Perkembangan perpustakaan di berbagai negara (Suwarno, 2007), antara lain dapat dilacak dari apa yang dilakukan oleh bangsa Sumeria dan Babylonia. Sekitar tahun 3000 SM, bangsa Sumeria  telah menyalin rekening,  jadwal  kegiatan,  pengetahuan  yang  dimilikinya,  dalam bentuk lempeng tanah liat (clay tablets) dan tulisan yang digunakan berujud gambar (pictograph). Ketika kemudian Sumeria ditaklukan oleh Babylonia, disamping kebudayaannya  diserap,  maka  bentuk  tulisannyapun  diubah menjadi tulisan paku (cunciform).
Di Mesir, perpustakaan juga mengalami perkembangan yang signifikan. Teks tertulis yang tersimpan di perpustakaan Mesir, diduga ditulis sekitar tahun 4000 SM dengan gaya tulisan yang disebut hieroglyph. Perpustakaan di Mesir semakin berkembang, manakala sekitar tahun 1200 SM diketemukan papyrus, yang dapat digunakan sebagai media untuk tulis menulis. Papyrus dibuat dari sejenis rumput yang dihaluskan dan dikeringkan, dan dari  kata  itulah kemudian berkembang istilah paper, papiere, papiros, yang berarti kertas (Suwarno, 2007).
Aristoteles ditengarai sebagai orang yang pertama kali mengumpulkan, menyimpan dan memanfaatkan budaya masa lalu di Yunani. Perkembangan perpustakaan di negeri ini, dikenal melalui perpustakaan milik Peistratus (Athena/abad ke 6), Polyerratus (Samos/abad ke 7), dan Pericles, sekitar abad ke 5. Peradaban Yunani mengenal jenis tulisan yang dikenal sebagai mycena (1500 SM), dan kemudian digantikan oleh 22 huruf temuan orang Phoenicia, yang dalam pekembangannya berubah menjadi 26 huruf sebagaimana yang digunakan saat ini.

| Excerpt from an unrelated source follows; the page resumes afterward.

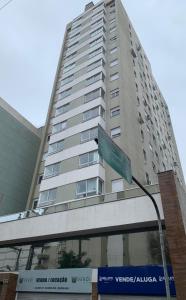 a tall building with a street sign in front of it at Novo apto com garagem no centro de Passo Fundo RS in Passo Fundo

Perpustakaan juga diketahui berkembang di Romawi, Eropa Barat dan Amerika Utara. Perkembangannya menjadi semakin cepat, sejak ditemukan mesin cetak pada abad pertengahan. Johannes Gutenberg dari Jerman, adalah orang yang memelopori cara penulisan dengan menggunakan mesin cetak, untuk mengganti teknik penulisan yang sebelumnya menggunakan tangan.  Sejalan dengan teknologi yang berkembang pada saat itu, produksi buku yang dihasilkan bentuknya masih sangat sederhana. Dengan teknik yang disebut ugari, bentuk buku yang diproduksi menjadi barang langka dan dikenal sebagai incunabula (Sulistyo-Basuki dalam Suwarno, 2007).

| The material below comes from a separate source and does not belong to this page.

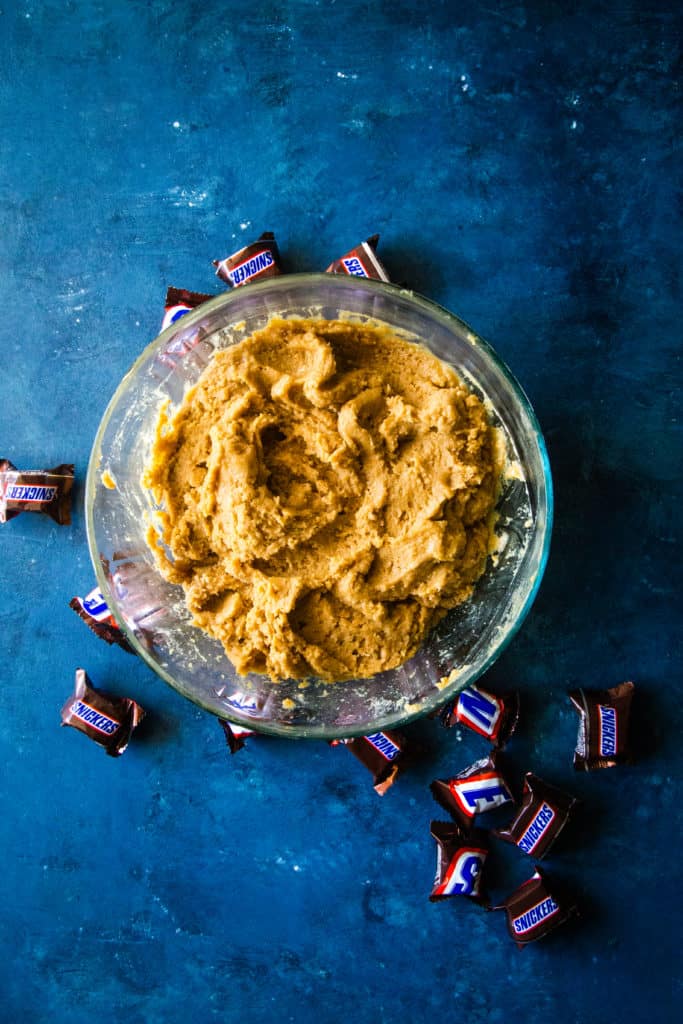 bowl of peanut butter cookie dough on blue background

Revolusi industri yang terjadi di Eropa, menjadi pemantik berkembangnya perpustakaan. Pesatnya perkembangan teknologi dan sistem yang lebih modern, mempercepat penyebaran perpustakaan ke seluruh penjuru dunia, termasuk Indonesia.
C   Periodesasi Perkembangan Perpustakaan di Indonesia
a.   Era Sebelum Penjajahan
Bangsa Indonesia sejak lama telah mengenal peradaban baca tulis. Prasasti Yupa di Kutai Kalimantan Timur yang diperkirakan berasal dari abad ke V Masehi, merupakan bukti sahih tentang keberadaan peradaban tersebut (Almasyari, 2007).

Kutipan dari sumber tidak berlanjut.